At 11.12 seconds, Kentucky freshman sprinter Kianna Gray has run the fourth-fastest 100 meters in NCAA competition this outdoor season. That’s just 0.01 off the best time of junior teammate Destiny Carter and only 0.15 seconds off the No. 1 spot.
But, according to UK track and field coach Edrick Floréal, she’s not anywhere close to her potential.
“Technically we’re probably a C-minus if I’m being generous,” Floréal said last week of Gray's technique as his team rested and prepared for this weekend’s Southeastern Conference outdoor championships. “It’s more like a D-plus technically as far as understanding the race and execution. She’s just a big ball of talent. I think she’s going to be, once she figures it out, even better.”
Gray holds Kentucky state records in the 100, 200 and 400 meters for North Hardin High School in Radcliff. She was a three-time state Gatorade track athlete of the year and an 11-time state champion. But that didn’t prepare her for the success she’s had, so far, at Kentucky.
“Honestly, I did not know how fast I was,” she said. “Every time I PR (set a personal record), I’m still shocked. Never in high school had I ever thought I would be running this fast.”
Her state record time in the 100 meters was 11.73, 0.61 seconds slower than her best mark at UK less than a year later. The workouts and the competition are far more intense. And while the adjustment to college, Coach Floréal and SEC competition was difficult, at first, she’s embracing the challenge.
“Coach is really hard on me,” she said. “In high school I didn’t really have that. I had a coach that pushed me, but our coach is like 10 times harder. At first I hated it, but now I love it.”
Gray is part of what has become the nation’s No. 1 ranked women’s track and field team heading into the conference and NCAA outdoor championships. It’s not a position some would expect of a team that lost NCAA track athlete of the year Kendra Harrison and last year’s NCAA 200-meter champ Dezerea Bryant among others. But Floréal, who led the Cats to a runner-up finish in the NCAA outdoors in 2015 and coached last year’s Team USA in the World Championships, said he thought this team would have the opportunity to be even better.
“I think the good thing about our team is that we’re pretty diverse,” Floréal said. “We got jumpers, sprinters, hurdlers, pole vaulters, steeple chasers and distance runners. As far as the makeup of the team, we’ve got a much better balanced team than everybody else does. … We just have people scoring in every event area and that’s a cool thing in that if one area is kind of down, then we’ve got other people that can step up.”
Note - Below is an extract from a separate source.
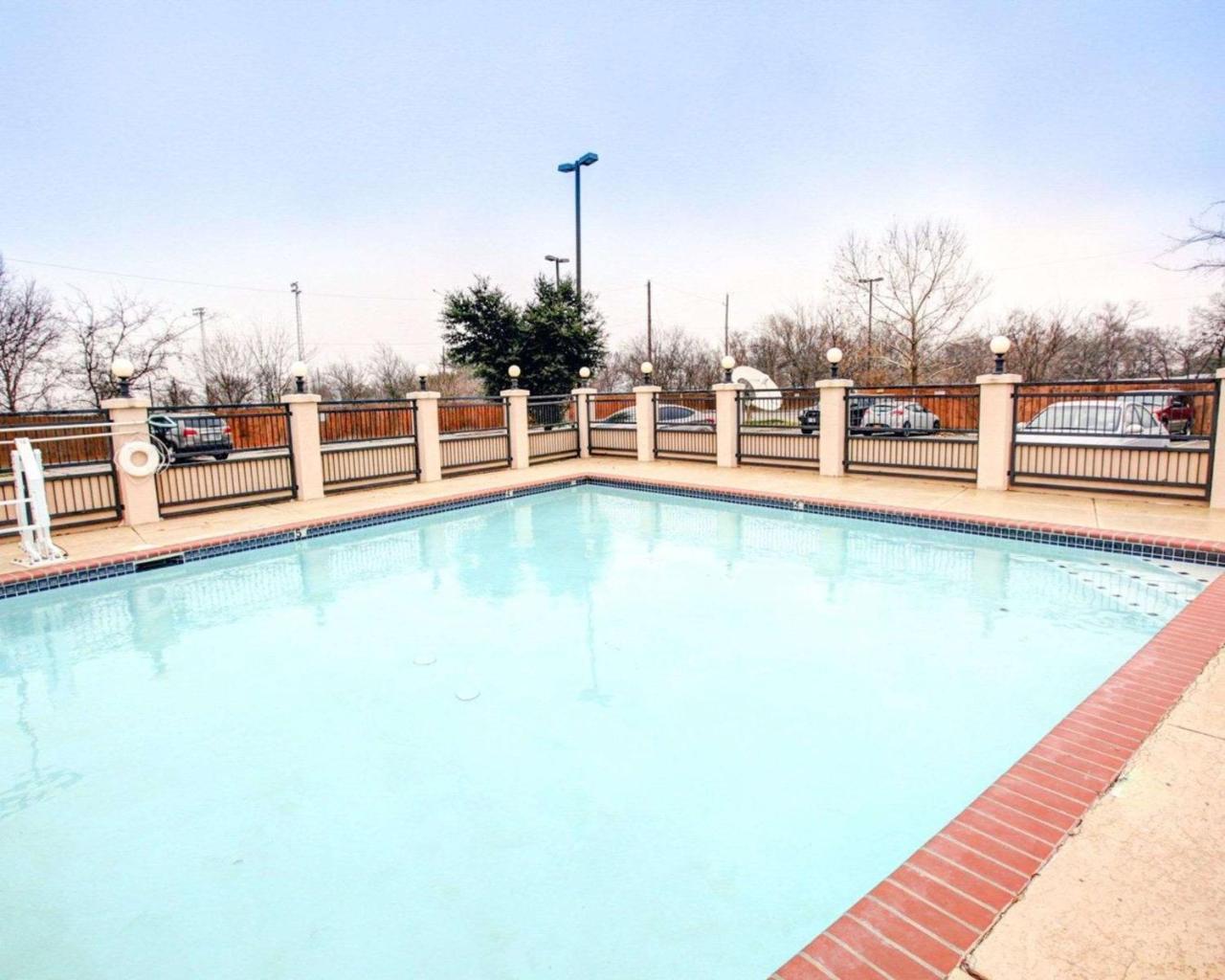Quality Inn & Suites Airport Austin Exterior foto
In addition to Gray and Carter, junior Javianne Oliver has cracked the top 10 in the 100 meters. Gray and Carter are top 25 in the 200 meters. Junior Ariah Graham has posted the eighth-fastest 800-meter time. Freshman Jasmine Camacho-Quinn, who’s already made the Puerto Rican Olympic team, and sophomore Jacklyn Howell, have posted the second- and fourth-fastest 100-meter hurdle times, respectively. Junior Kiah Seymour ranks third in the 400 hurdles.
Kentucky also has a top-15 pole vaulter in freshman Olivia Gruver and the No. 2 long jumper in junior Sha’Keela Saunders. Carter’s long jump is ninth best this season. Freshman Marie-Josée Ebwea-Bile and Saunders are both top-20 triple jumpers.
The list goes on: senior Beckie Famurewa is top 10 in both the discus and hammer throw with sophomore Adriana Brown posting the 13th-farthest discus throw this season.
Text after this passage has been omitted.